▶ [GIVEN RECORDS]
******************************

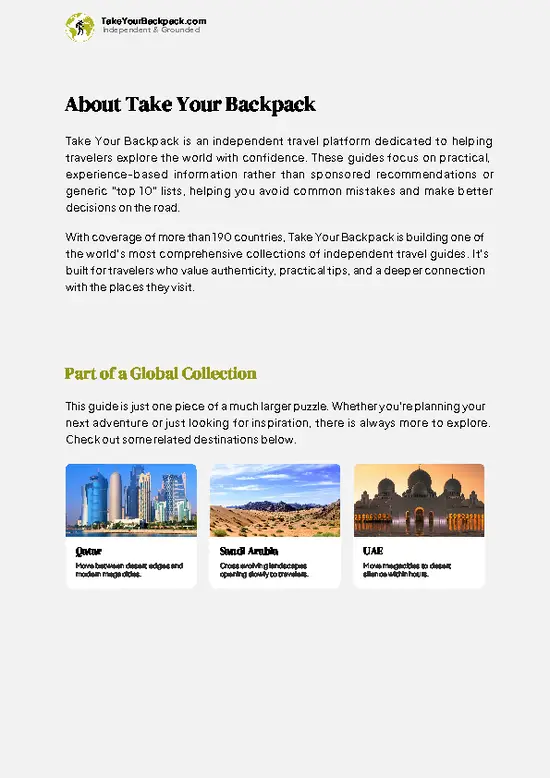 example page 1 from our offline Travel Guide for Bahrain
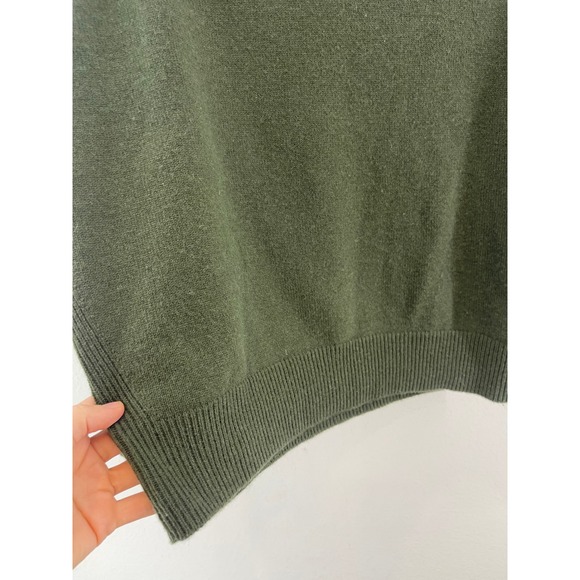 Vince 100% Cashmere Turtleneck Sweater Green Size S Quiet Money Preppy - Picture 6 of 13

******************************

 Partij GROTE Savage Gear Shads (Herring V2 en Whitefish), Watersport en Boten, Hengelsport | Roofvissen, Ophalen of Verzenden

******************************

▶ [REQUIREMENT] Among the entries above, find the line with "example page 1" and repeat exactly from there through the line with "Vince 100% Cashmere", leaving out the pictures.

▶ [WRITTEN REPLY]
 example page 1 from our offline Travel Guide for Bahrain
 Vince 100% Cashmere Turtleneck Sweater Green Size S Quiet Money Preppy - Picture 6 of 13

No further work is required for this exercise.